Simple ways to mix veg and flowers in tight spaces
Think in layers rather than separate beds. One container or border can hold several crops if they occupy different heights and root depths.
Good small-garden combinations include:
- Tall at the back: runner beans with sweet peas on the same wigwam; kale or purple sprouting broccoli with cosmos.
- Middle layer: dwarf French beans with marigolds; peppers with bushy basil; dwarf dahlias with lettuces.
- Front / edge: cut-and-come-again salad leaves with violas; chives with strawberries; thyme and low-growing herbs along the front.
Keep it simple: 2–3 plants per pot or metre of border is usually enough. If you lift a container and it already feels heavy and crowded, do not add another plant.
How flowers help your vegetables (and the other way round)
Mixed planting is not just about looks. Done neatly, it can make a small garden more productive and easier to manage.
- Pollinators: Flowers such as calendula, cosmos, nasturtiums and lavender pull in bees and hoverflies, which helps tomatoes, beans, courgettes and strawberries set fruit.
- Pest distraction: Nasturtiums often attract blackfly away from beans. Sacrificing a few nasturtium leaves is easier than losing a whole crop.
- Living mulch: Low flowers or herbs around taller veg shade the compost, so pots do not dry out quite as fast in a hot spell.
- Clear structure: A wigwam of beans with sweet peas, or a row of sunflowers with courgettes in front, makes a small space feel intentional rather than cluttered.
If this is happening on your plot – flowers buzzing with insects while nearby veg finally start to bulk up – you are seeing the benefit of mixing them.
Planting, spacing and care in a shared bed or pot
Start with the biggest root systems. In a container, plant your main crop (tomatoes, beans, courgettes, dwarf fruit trees) first, then tuck flowers and salads around them.

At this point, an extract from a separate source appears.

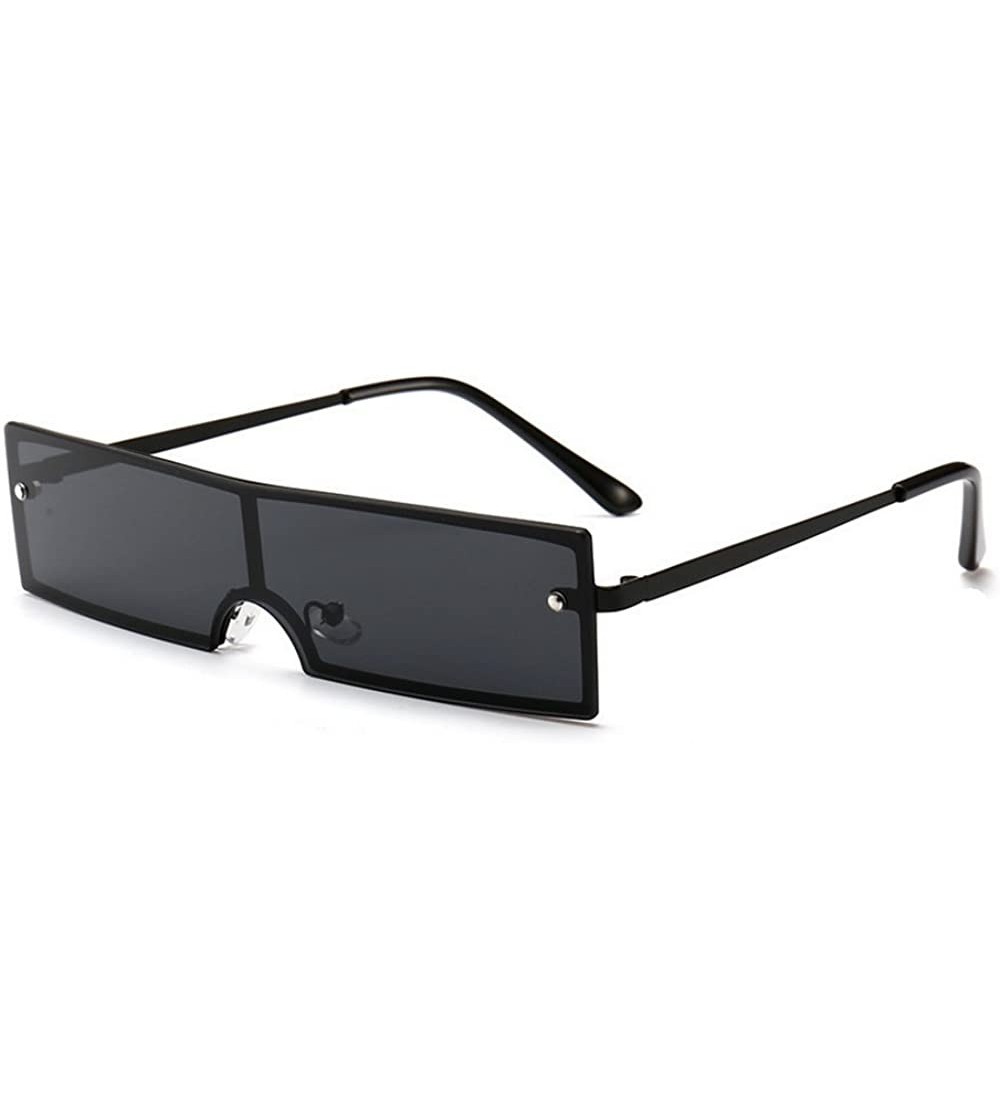Rectangular New European and American fashion trend rectangular unisex sunglasses - Black - C618GSCRTW6 $23.18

A few checks keep things healthy:
- Do not overcrowd. As a guide, one tomato per 30–40 cm pot, plus perhaps a ring of basil or marigolds. If leaves are already touching all round, you are at capacity.
- Watch the compost, not the calendar. Flowers and veg together can drink quickly. Push a finger 3–4 cm down; if it still feels damp and cool, wait. This is the point where many people water again too soon.
- Feed lightly but regularly. A tomato feed in liquid form, used at the rate on the label, usually suits both fruiting veg and many annual flowers in the same pot.
- Mind the light. Tall sunflowers or beans can throw a lot of shade. Check that lower plants still get several hours of bright light, especially salads and fruiting veg.
In borders, repeat the same pattern: taller crops at the back, flowers and herbs weaving through, salad leaves and low herbs at the front where you can reach them.
If the whole thing ever looks muddled, the useful clue is not one plant, but the overall pattern: are you still able to see soil between plants, and can air move through? If not, thin out the least productive or most mildewed plant first.
A small next step is to choose just one pot or one metre of border and replant it as a mixed patch this season. Once you see how much you can harvest and how good it can look, it becomes much easier to repeat across the rest of the garden.